Your indexer should be:
- repeatable: you can re-run it and get the same results for unchanged docs,
- incremental: it updates only what changed,
- auditable: you can trace each embedding back to a doc and version,
- safe: it doesn’t leak or mislabel permissions.
Pipeline stages (ingest → chunk → embed → store)
1) Ingest
Ingest means: load documents, extract text, and attach metadata.
Decisions to make:
- doc_id: stable identifier (path, URL, database id).
- doc_version: timestamp or version number (or a content hash).
- permissions tags: tenant/team/role/classification.

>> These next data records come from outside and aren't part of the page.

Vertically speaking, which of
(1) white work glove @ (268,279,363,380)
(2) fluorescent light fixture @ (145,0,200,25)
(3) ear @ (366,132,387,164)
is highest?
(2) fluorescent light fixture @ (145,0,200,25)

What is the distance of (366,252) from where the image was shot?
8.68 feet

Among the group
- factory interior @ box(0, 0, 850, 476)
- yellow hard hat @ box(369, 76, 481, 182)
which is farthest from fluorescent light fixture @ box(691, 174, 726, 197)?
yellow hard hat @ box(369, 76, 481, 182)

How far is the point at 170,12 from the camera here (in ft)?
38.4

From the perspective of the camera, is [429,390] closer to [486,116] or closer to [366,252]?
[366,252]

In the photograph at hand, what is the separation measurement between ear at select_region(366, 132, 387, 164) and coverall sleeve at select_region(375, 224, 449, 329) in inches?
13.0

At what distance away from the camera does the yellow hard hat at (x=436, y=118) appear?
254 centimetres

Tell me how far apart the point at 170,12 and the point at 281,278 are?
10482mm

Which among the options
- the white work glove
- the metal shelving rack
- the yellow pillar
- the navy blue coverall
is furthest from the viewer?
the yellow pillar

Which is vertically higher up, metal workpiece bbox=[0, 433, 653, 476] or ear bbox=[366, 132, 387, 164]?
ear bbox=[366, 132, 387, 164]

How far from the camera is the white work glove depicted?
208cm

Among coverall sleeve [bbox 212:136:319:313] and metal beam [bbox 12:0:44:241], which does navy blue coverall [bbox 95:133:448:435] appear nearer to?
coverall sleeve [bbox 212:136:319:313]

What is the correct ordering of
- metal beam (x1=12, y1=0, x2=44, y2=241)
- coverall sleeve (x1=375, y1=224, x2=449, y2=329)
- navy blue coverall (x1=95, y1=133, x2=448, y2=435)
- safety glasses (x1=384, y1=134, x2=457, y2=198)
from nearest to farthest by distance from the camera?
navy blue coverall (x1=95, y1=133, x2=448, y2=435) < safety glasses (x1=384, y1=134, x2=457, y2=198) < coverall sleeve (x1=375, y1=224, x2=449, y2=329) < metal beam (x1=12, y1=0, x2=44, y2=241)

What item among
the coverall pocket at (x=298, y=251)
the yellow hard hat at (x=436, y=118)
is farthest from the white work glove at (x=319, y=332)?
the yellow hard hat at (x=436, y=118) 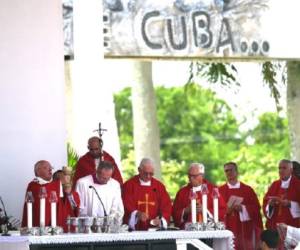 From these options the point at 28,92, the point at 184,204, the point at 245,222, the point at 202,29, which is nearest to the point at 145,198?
the point at 184,204

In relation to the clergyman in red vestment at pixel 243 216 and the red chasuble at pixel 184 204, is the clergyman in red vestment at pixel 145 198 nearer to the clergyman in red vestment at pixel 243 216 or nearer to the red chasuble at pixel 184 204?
the red chasuble at pixel 184 204

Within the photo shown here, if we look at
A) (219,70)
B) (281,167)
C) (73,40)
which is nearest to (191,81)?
(219,70)

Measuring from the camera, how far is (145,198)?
17.4 metres

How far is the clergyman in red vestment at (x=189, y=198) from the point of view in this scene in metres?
17.1

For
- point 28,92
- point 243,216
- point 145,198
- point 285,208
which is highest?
point 28,92

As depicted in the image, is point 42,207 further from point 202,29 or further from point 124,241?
point 202,29

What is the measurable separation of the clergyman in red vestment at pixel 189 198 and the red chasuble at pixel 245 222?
191cm

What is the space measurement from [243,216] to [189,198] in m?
2.40

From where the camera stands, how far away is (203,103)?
162 ft

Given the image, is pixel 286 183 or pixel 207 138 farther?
pixel 207 138

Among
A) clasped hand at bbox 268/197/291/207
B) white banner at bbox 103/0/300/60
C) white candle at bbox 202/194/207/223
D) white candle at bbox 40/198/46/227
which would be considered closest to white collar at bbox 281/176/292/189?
clasped hand at bbox 268/197/291/207

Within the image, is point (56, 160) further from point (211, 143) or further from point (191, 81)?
point (211, 143)

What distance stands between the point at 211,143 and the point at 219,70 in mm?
23699

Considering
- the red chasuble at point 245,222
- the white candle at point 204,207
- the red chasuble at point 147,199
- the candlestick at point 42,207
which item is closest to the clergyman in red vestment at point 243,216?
the red chasuble at point 245,222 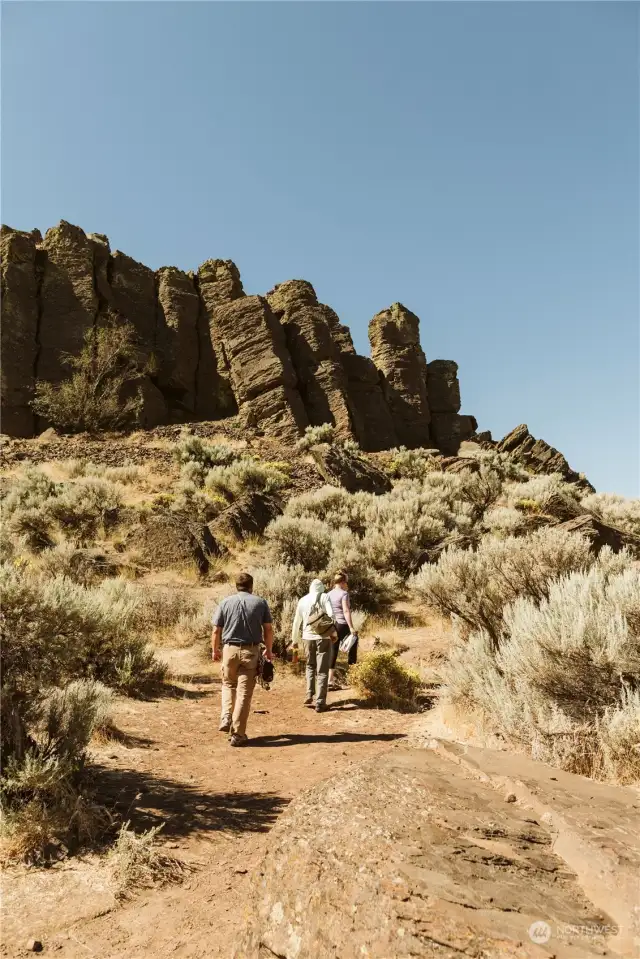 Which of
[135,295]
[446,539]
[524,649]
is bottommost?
[524,649]

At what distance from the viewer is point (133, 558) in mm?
13453

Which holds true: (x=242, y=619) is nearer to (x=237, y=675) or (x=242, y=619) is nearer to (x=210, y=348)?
(x=237, y=675)

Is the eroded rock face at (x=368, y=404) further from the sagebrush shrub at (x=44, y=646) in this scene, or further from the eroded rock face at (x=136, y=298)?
the sagebrush shrub at (x=44, y=646)

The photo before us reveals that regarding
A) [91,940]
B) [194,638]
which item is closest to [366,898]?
[91,940]

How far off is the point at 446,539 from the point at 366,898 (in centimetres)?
1407

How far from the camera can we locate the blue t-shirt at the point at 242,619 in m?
6.23

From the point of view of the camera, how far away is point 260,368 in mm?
30031

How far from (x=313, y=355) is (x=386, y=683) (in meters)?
27.8

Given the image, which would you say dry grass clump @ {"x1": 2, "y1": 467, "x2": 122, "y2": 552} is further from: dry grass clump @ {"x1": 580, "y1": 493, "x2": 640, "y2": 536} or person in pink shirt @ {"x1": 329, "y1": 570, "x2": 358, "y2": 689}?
dry grass clump @ {"x1": 580, "y1": 493, "x2": 640, "y2": 536}

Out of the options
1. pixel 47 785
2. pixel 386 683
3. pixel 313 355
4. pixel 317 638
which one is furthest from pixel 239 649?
pixel 313 355

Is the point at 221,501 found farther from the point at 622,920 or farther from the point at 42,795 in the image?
the point at 622,920

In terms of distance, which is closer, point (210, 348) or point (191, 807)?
point (191, 807)

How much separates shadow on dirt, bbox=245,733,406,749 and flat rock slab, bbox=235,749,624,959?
11.0 feet

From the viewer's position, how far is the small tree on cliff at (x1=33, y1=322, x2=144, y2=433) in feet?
95.4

- extraction: what you do for PDFs, HTML, docs; keep raw + extracted text if possible.
2) Chunk
Chunking should produce stable chunk ids and metadata (see 24.2). Store:
- doc_id, doc_version
- chunk_id, chunk_hash
- title path / section path
- chunk text
- permissions tags (copied from doc)
If your chunk ids aren’t stable, your citations and audits will drift over time.
3) Embed
Embedding converts chunk text into vectors. Requirements:
- batching: embed in batches for speed and cost.
- retry strategy: handle transient failures without duplicating records.
- versioning: store embedding model name/version and preprocessing version.
- rate limits: respect quotas (plan for backoff).
4) Store
You typically store two things:
- Chunk store: chunk_id → text + metadata (for citations and audits).
- Vector index: chunk_id → embedding vector + metadata filters.
Even if your vector DB can store text, it’s often useful to keep a separate chunk store to simplify audit logs and versioning.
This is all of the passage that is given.